O que há em comum entre as bonecas de barro do Vale do Jequitinhonha, no norte de Minhas Gerais, as rendas de bilro de Florianópolis, capital de Santa Catarina, e a cerâmica de Cotia, no sudoeste de São Paulo? Todos estes são exemplos de saberes e fazeres manuais transmitidos de geração em geração pelos quatro cantos do Brasil. São diferentes técnicas, materiais, cores, texturas e aplicações a compor uma teia que forma o profícuo artesanato brasileiro. Expressões que prevaleceram por muitos anos como suvenires – recordações de viagem embaladas por turistas –, mas que, principalmente nas últimas duas décadas, ganharam um novo olhar, significado e importância.
Pesquisadora e curadora de manualidades que percorrem o país de norte a sul, Adélia Borges reafirma em palestras, livros e instituições: “A única coisa primitiva sobre nosso artesanato é o nosso conhecimento a respeito dele”. Ex-diretora do Museu da Casa Brasileira, em São Paulo, autora e coautora de mais de 15 livros, entre eles Design + Artesanato: o Caminho Brasileiro (Terceiro Nome, 2011), Adélia não só tem um profundo conhecimento na área, como ainda se emociona e se surpreende com a riqueza de manifestações culturais manuais nos rincões por onde viaja pelo Brasil. Nesta entrevista, a especialista nos explica o que está por trás do conceito de artesanato, qual o posicionamento das expressões manuais na contemporaneidade e os desafios do porvir.
Como definir o que é artesanato?
Resolvi adotar a definição da Unesco. Artesanato é tudo que se faz com as mãos e com predomínio de processos manuais. A elaboração de objetos em que predominem as técnicas manuais, mas na qual também pode haver a utilização de tecnologias, de equipamentos. O artesanato tem uma força muito grande inclusive na economia dos países em desenvolvimento. Há estudos que mostram essa força na economia. Países onde há predomínio do artesanato nas camadas mais pobres da população. O que não acontece em diversos países do hemisfério norte, onde há um retorno expressivo do artesanato, feito por mestres, doutores, gente escolarizada, onde há muitos cursos de faculdade de design, de joalheria, design têxtil etc. Tanto que, na Europa, o artesanato se conhece muito como “movimento maker”, de fazer com as próprias mãos, que implica, em geral, o uso de técnicas artesanais muitas vezes conjugadas com digitais. Nos Estados Unidos dá-se o nome de Do It Yourself (DIY).

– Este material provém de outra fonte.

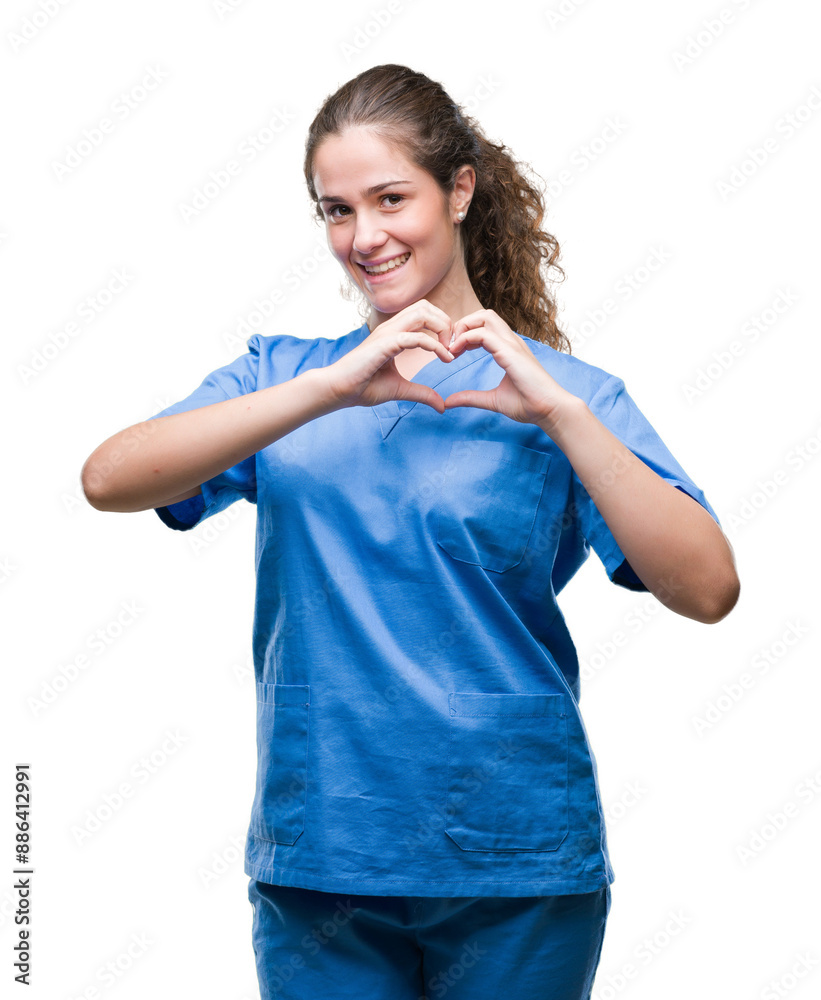 Young brunette doctor girl wearing nurse or surgeon uniform over isolated background smiling in love showing heart symbol and shape with hands. Romantic concept. Young brunette doctor girl wearing nurse or surgeon uniform over isolated background smiling in love showing heart symbol and shape with hands. Romantic concept.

Enquanto estrangeiros, como a arquiteta italiana Lina Bo Bardi, sempre foram fascinados pelo artesanato brasileiro, por que no país ainda há certo desmerecimento?
A tradição escravocrata que o Brasil tem é muito forte. É “ruim” sujar as mãos e fazer algo com elas. Se tenho instrução suficiente, mando alguém fazer e não faço. É uma tradição escravocrata e que diminui quem faz, criando uma dicotomia. Se for ver a definição de artesanato nos dicionários brasileiros, entre os significados consta: coisa rústica feita sem atenção, sem técnica. Uma visão absolutamente preconceituosa. Quando você compara essa definição com a de um dicionário britânico, é totalmente diferente. Lá entende-se por ofício, por aquilo que é feito à mão, feito com maestria por mestres da tecelagem, da cestaria etc. Então, imersos nessa realidade, precisamos de certa distância para ver o artesanato com novos olhos. Foi o que a Lina Bo Bardi fez, assim como outros. Outras iniciativas, algumas das quais faço parte, tentam mostrar o artesanato brasileiro de forma que as pessoas percebam a enorme riqueza que ele tem. Há também muitos artistas contemporâneos fazendo uso de técnicas artesanais. Como Ernesto Neto [na exposição Sopro, em cartaz na Pinacoteca], um artista que faz esculturas têxteis, muitas das quais realizadas em parceria com comunidades. Por exemplo, ele trabalhou anos com a Cooperativa de Trabalhadores da Rocinha, no Rio de Janeiro.